All lines from the one containing "The beer style" down to the one containing "High Volt is", both ends included, are to be given again exactly; omit the rest of the listing below.

RECORD EXCERPTS:
Content starts
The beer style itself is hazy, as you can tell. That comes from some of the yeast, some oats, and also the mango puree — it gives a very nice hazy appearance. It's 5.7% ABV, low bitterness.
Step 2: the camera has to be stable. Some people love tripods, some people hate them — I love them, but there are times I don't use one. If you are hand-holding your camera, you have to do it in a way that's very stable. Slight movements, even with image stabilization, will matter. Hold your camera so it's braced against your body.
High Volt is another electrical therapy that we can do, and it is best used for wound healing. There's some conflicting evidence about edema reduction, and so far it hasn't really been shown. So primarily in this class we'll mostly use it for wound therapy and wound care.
Content ends
Content starts
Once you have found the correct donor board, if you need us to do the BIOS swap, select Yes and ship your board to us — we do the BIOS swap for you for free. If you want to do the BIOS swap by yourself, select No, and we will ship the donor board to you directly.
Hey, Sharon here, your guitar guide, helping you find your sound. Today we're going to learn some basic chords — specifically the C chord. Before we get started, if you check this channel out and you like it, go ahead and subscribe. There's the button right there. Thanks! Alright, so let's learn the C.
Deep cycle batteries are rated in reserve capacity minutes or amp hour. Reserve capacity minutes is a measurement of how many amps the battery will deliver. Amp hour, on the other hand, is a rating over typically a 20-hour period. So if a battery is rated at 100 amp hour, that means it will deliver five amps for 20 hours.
Content ends
Content starts
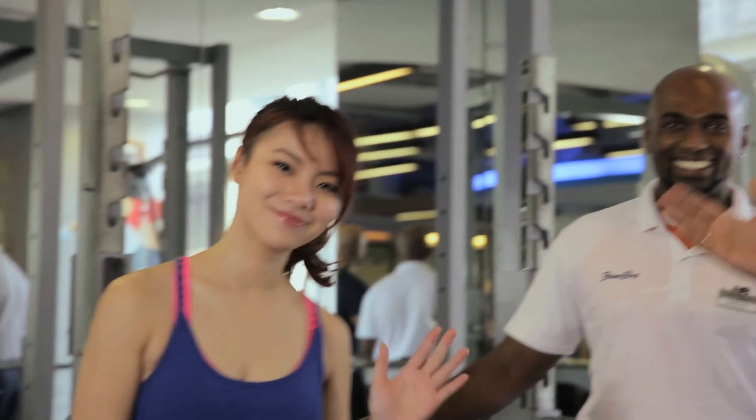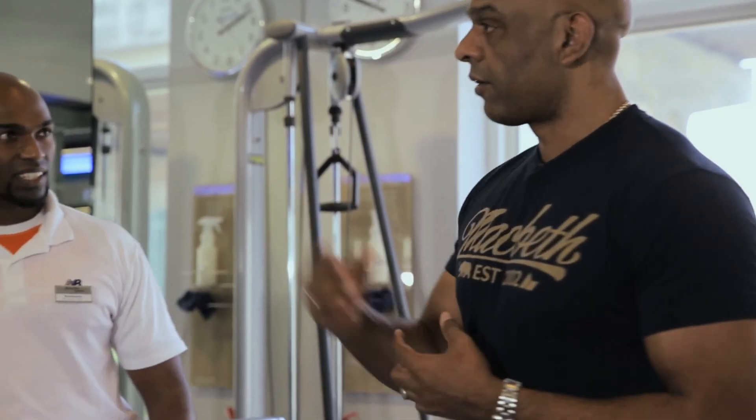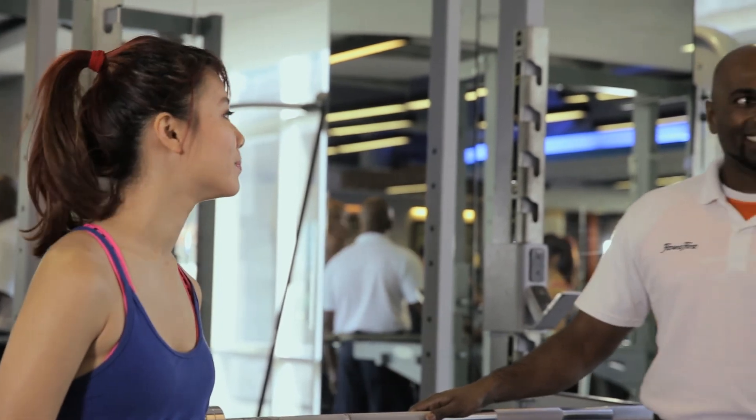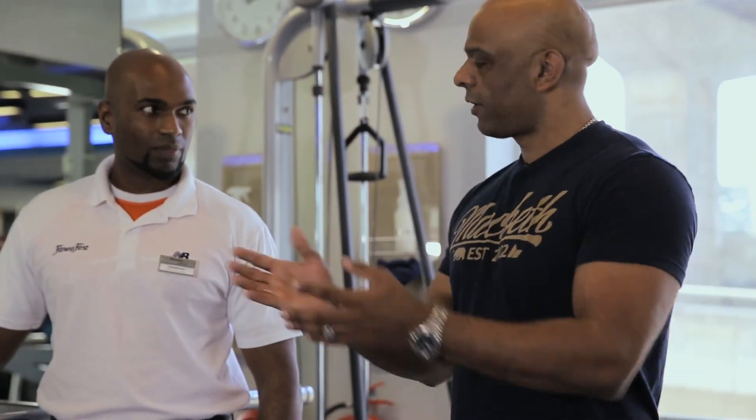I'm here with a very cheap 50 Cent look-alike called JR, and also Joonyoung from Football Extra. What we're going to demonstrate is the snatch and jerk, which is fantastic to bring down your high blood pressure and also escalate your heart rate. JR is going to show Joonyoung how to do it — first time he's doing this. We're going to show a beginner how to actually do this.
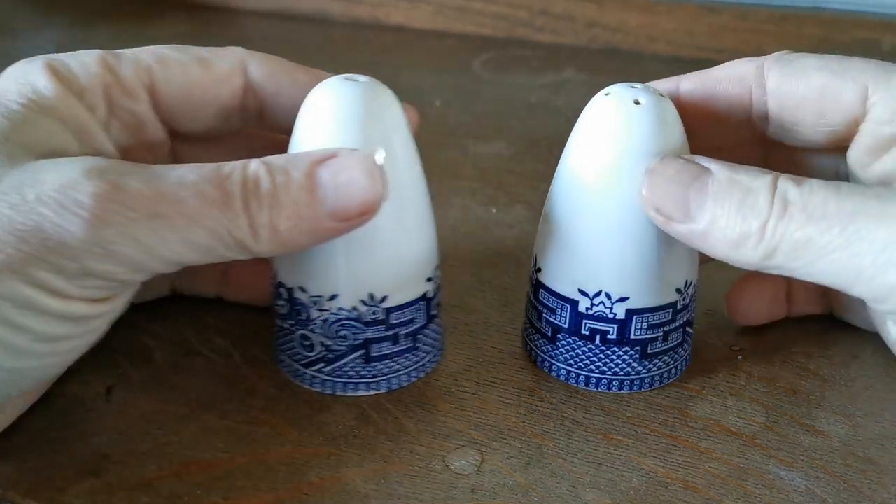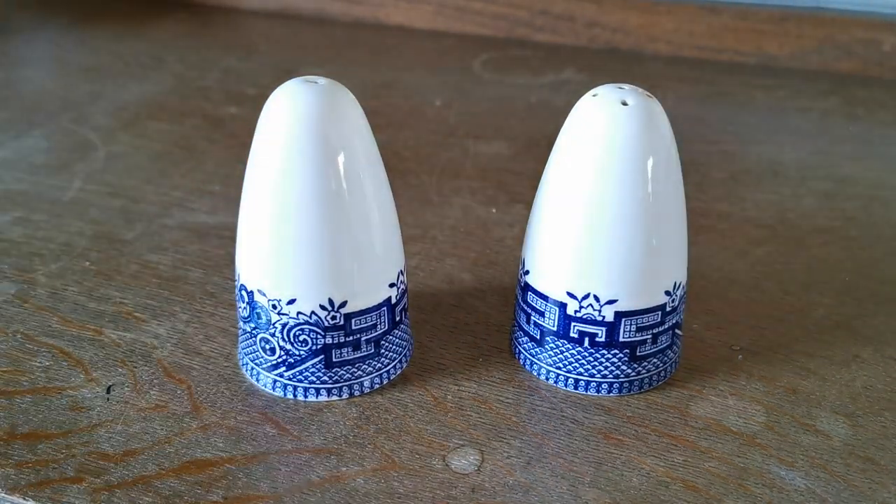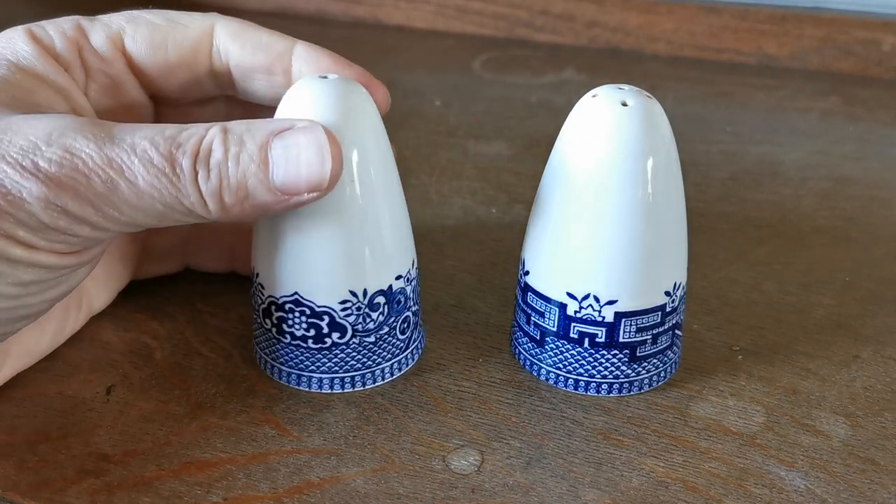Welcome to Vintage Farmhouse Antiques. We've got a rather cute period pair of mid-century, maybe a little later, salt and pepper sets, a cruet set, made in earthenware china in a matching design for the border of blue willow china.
Content ends
WRITTEN RESPONSE:
The beer style itself is hazy, as you can tell. That comes from some of the yeast, some oats, and also the mango puree — it gives a very nice hazy appearance. It's 5.7% ABV, low bitterness.
Step 2: the camera has to be stable. Some people love tripods, some people hate them — I love them, but there are times I don't use one. If you are hand-holding your camera, you have to do it in a way that's very stable. Slight movements, even with image stabilization, will matter. Hold your camera so it's braced against your body.
High Volt is another electrical therapy that we can do, and it is best used for wound healing. There's some conflicting evidence about edema reduction, and so far it hasn't really been shown. So primarily in this class we'll mostly use it for wound therapy and wound care.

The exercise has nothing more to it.